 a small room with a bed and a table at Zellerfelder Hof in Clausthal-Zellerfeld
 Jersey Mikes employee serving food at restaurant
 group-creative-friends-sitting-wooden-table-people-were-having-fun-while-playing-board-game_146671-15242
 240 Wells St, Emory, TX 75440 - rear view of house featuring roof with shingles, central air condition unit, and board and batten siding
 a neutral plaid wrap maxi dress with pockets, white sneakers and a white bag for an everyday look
§
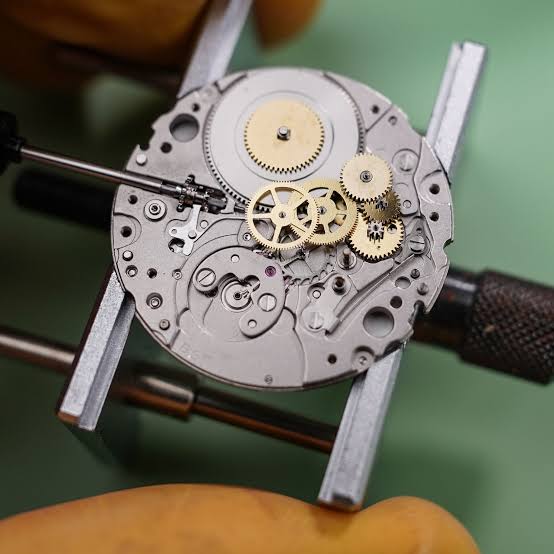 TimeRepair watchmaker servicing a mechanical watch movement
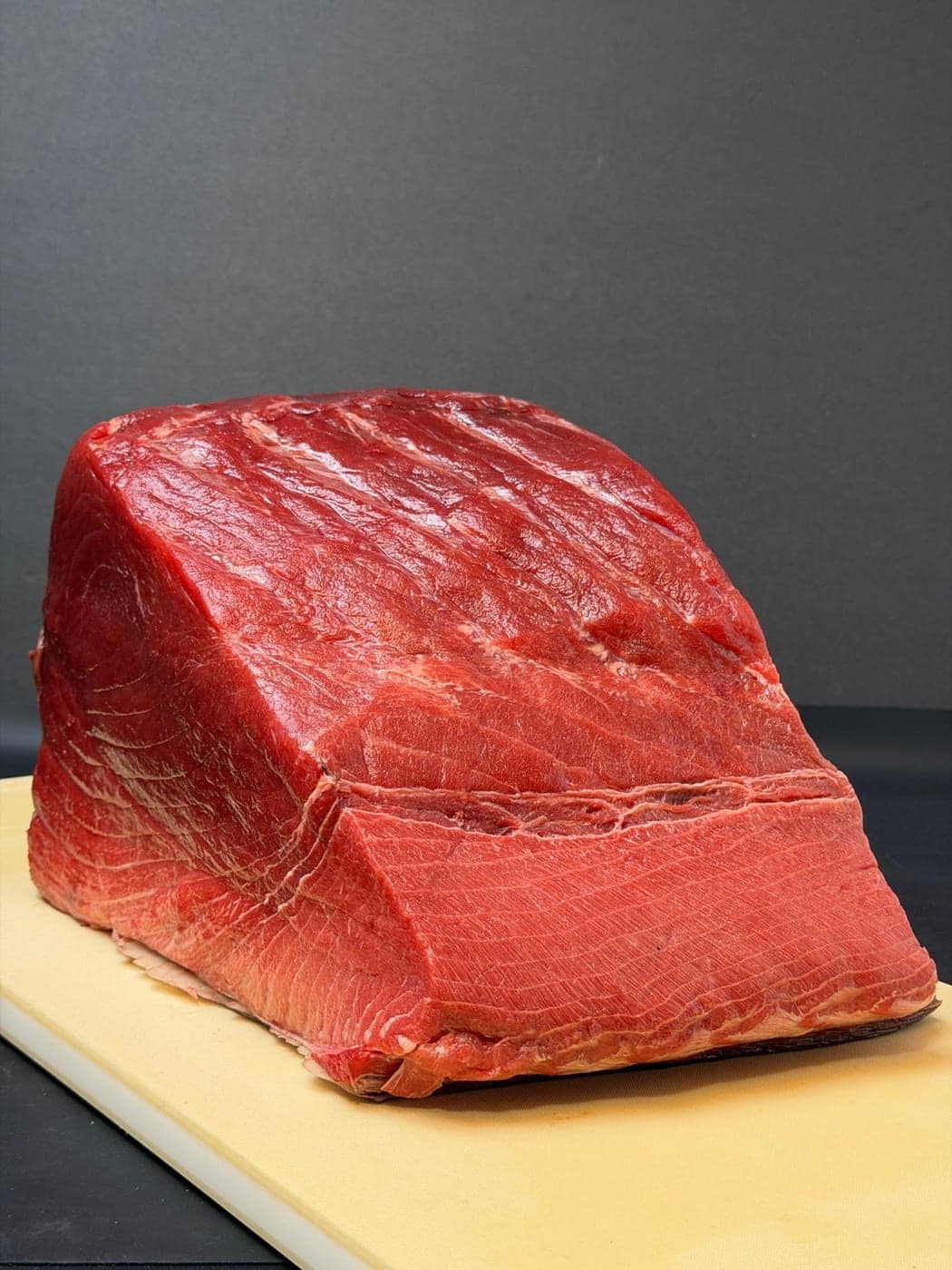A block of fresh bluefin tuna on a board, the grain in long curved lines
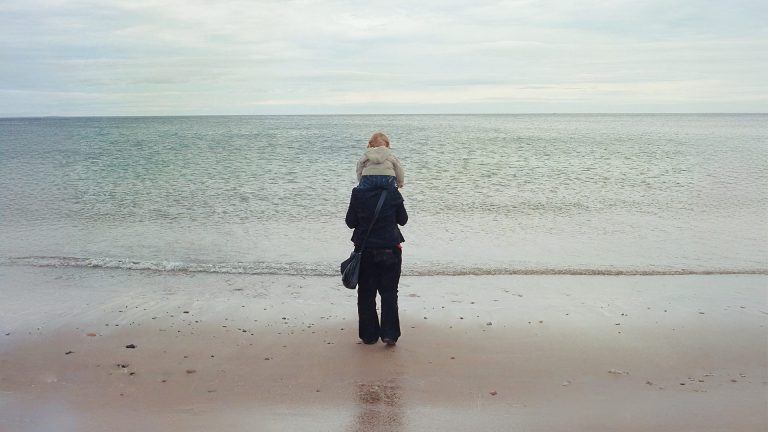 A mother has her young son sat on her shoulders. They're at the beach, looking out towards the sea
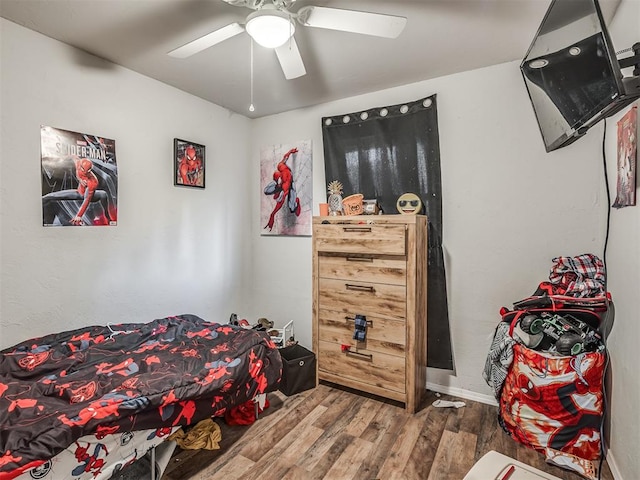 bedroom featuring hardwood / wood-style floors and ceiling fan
§
### [Requirement]
Your answer should be every line from the material above in which the word "table" appears.

### [Solution for this exercise]
 a small room with a bed and a table at Zellerfelder Hof in Clausthal-Zellerfeld
 group-creative-friends-sitting-wooden-table-people-were-having-fun-while-playing-board-game_146671-15242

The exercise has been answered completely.